After being shut out by mellon last night i knew i was due. I went to the playground tonight with Catfish Billy (creator of the big cat diaries) and Mark. It started out slow until i decided to chop up a big white sucker. I tossed the head out in about a half hour my rod was bending like no other. I set the hook and started fighting him. The fish ended up snapping 50 pound fireline. I was in a high state of pisstivity. Then Billy got a run on a yellow belly and fought him but didn't get a good hook set and lost him. From then on it was us missing more and more fish.
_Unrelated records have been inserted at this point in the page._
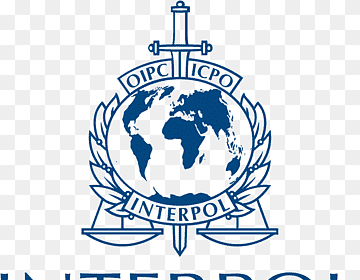 Int’l police law enforcement body appoints Nigerian as director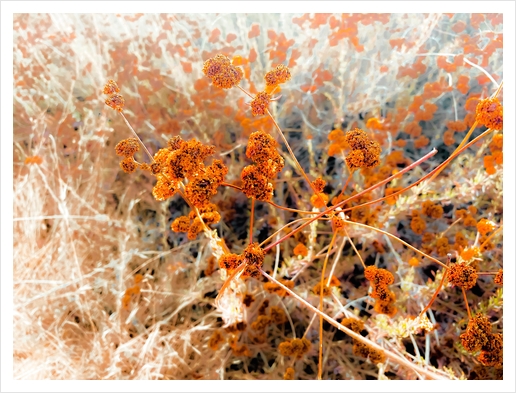 dry brown wildflowers with dry grass background Art Print by Timmy333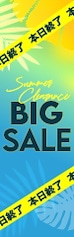 Q3_BIG SALE_END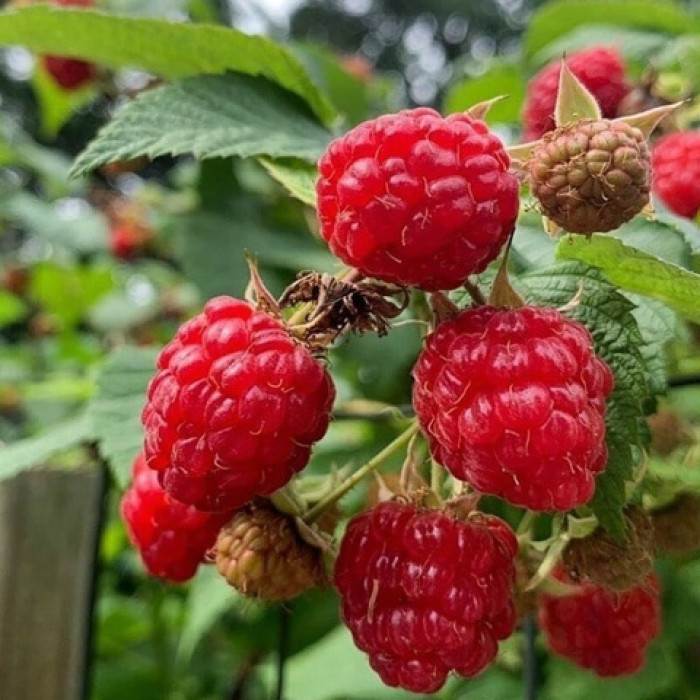 Саженцы ремонтантной малины «Находа»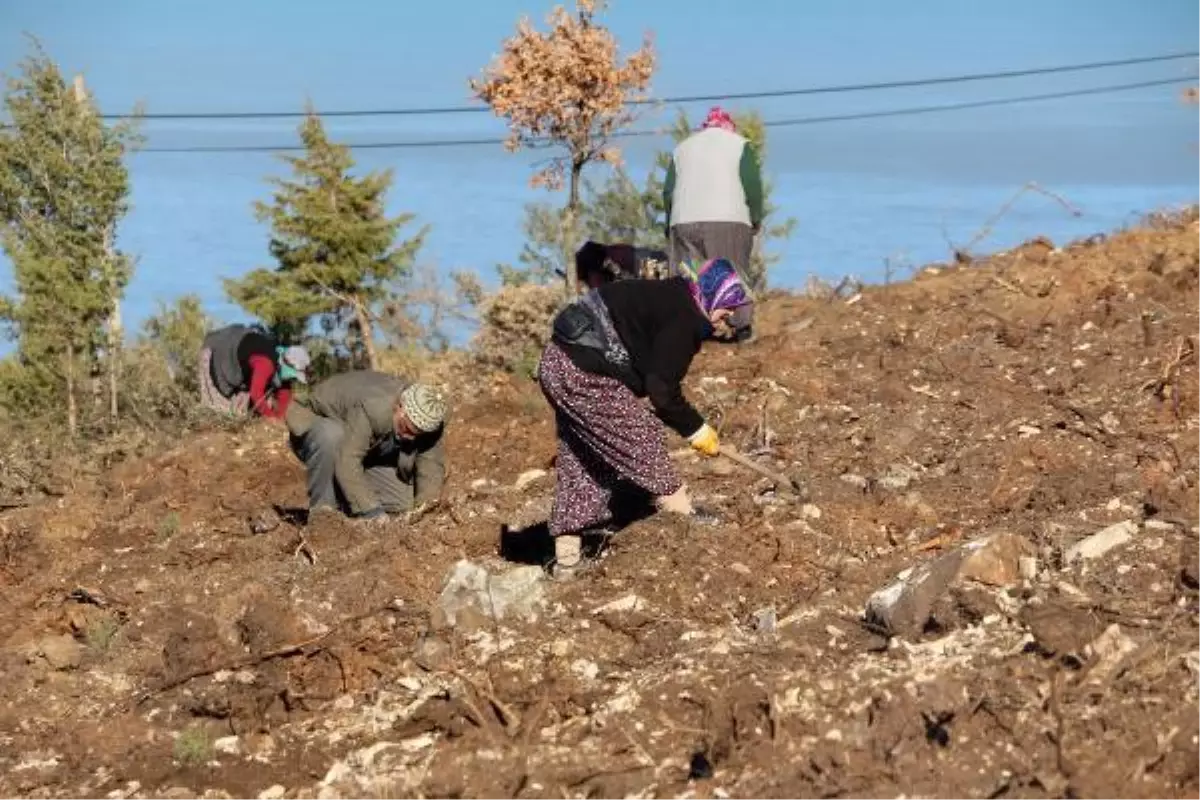 1900\'LERDE DEMİR YOLU YAPIMI İÇİN KESİLEN ARDIÇ AĞAÇLARI, YENİDEN HAYAT BULACAK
Mark did the best out of us because he only got one bite. Which he missed. I finally did land a 7 pound flathead on a sucker head. Then after awhile of us joking around and falling on the rocks(well i was the only one to fall) Mark was standing by my pole when all the sudden it goes doubled over. It looked like my pole was going to snap under the pressure. It ended up being a 9 pound 10 ounce flathead. I thought we had finally passed the 10 pound mark at the spot. Some more time went on then i got a run on Billy's baitcaster which he had stopped using. So i tossed it out there with a shad midsection. The drag was going off like a bat out of hell. It ended up being a 7 pound channel cat. The night was capped off when Billy landed a 5 pound flathead. It was a good night but it could have been better, we missed a lot of fish. The total was Me 3 for 5. Billy 1 for 3, and Mark 0 for 1. It was just the night i needed after being skunked by mellon.


----------



## flathunter (Apr 5, 2004)

You guys are tearing them up, I am sure you will get a big fish there soon.


----------



## pendog66 (Mar 23, 2005)

i think so too. Billy had a monster on. It hit that yellow belly gradually started pulling drag out like a big flat does.


----------



## H2O Mellon (Apr 5, 2004)

Nate, 

That Fireline (& Power Pro) are HORRIBLE for area such as the playground. I think you'd have a better chance of landing a 25 lb fish on 15 lb big game or other mono such as Red Caujin or Stren High Impact. Rock (espically big chunks of jagged concrete such as these) can do so much damage to braded line/


----------



## pendog66 (Mar 23, 2005)

yep i agree. This is the last year of Fireline for me. And i just bought a baitrunner today i'll be trying it out wed. if you wanna go mellon


----------



## H2O Mellon (Apr 5, 2004)

I want to fish this week, hopefully a couple times. Call me @ work when you get out of school on Monday. 

PS- I have some mono, 20# Big Game & 25# Red Caujin if you want to try that.


----------



## pendog66 (Mar 23, 2005)

i will call you tomorrow when i get out of school and we'll set something up


----------